INPUT DATA:
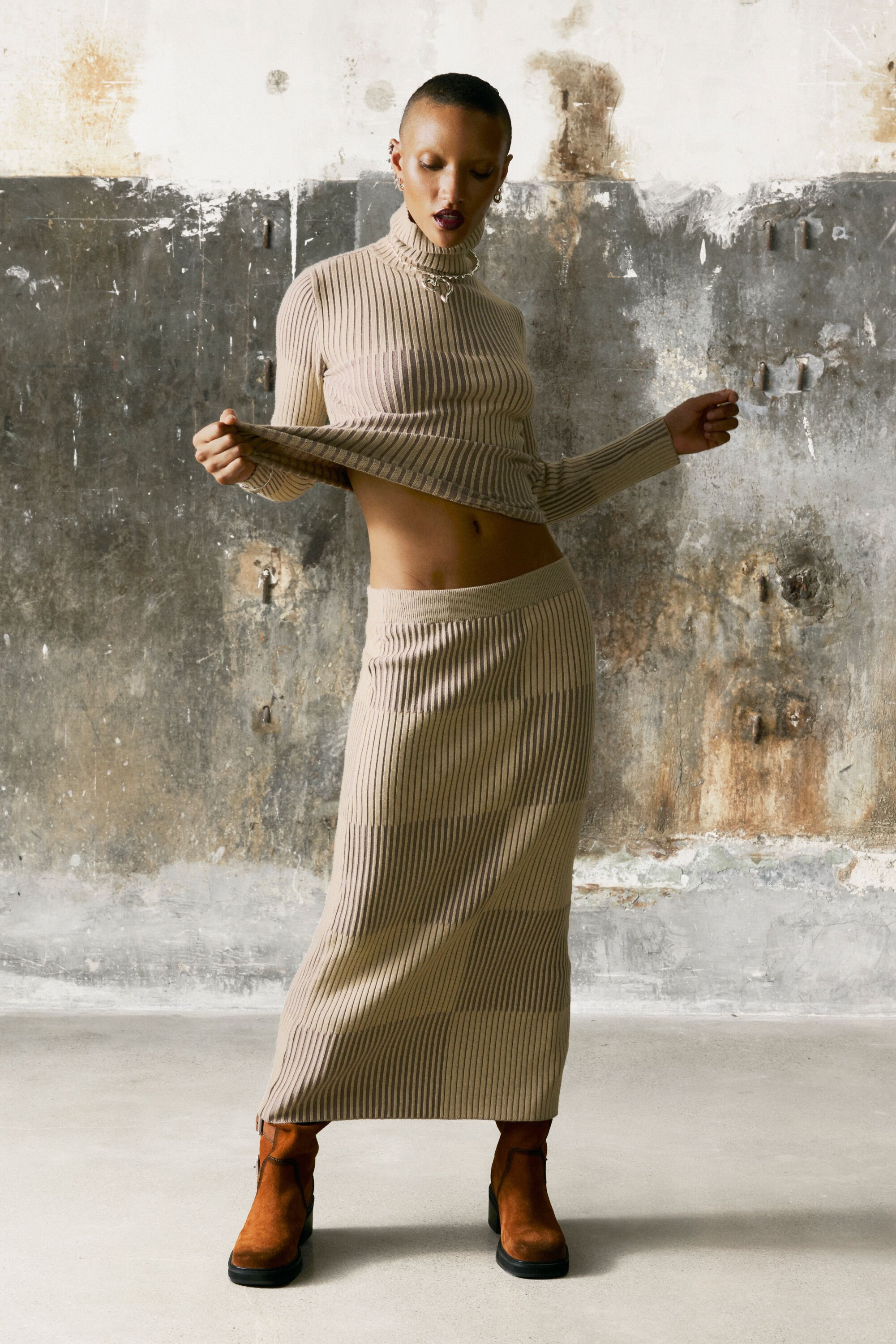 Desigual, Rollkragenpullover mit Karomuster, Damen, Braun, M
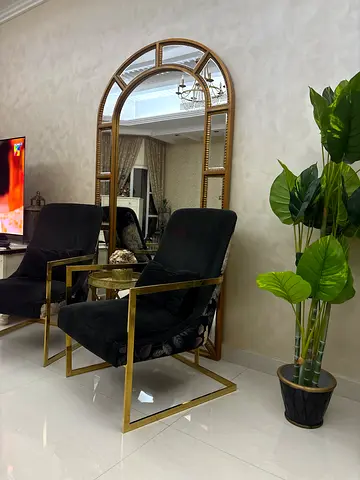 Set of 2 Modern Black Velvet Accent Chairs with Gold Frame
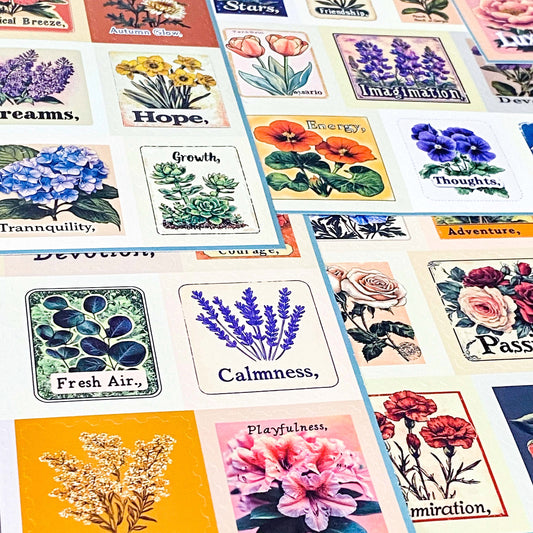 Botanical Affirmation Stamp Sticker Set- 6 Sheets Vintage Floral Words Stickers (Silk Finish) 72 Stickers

TASK DESCRIPTION: Hand back exactly the lines from the one with "Set of 2 Modern" through the last line of the data above, both ends included, with every picture left out.

EXERCISE RESULT:
 Set of 2 Modern Black Velvet Accent Chairs with Gold Frame
 Botanical Affirmation Stamp Sticker Set- 6 Sheets Vintage Floral Words Stickers (Silk Finish) 72 Stickers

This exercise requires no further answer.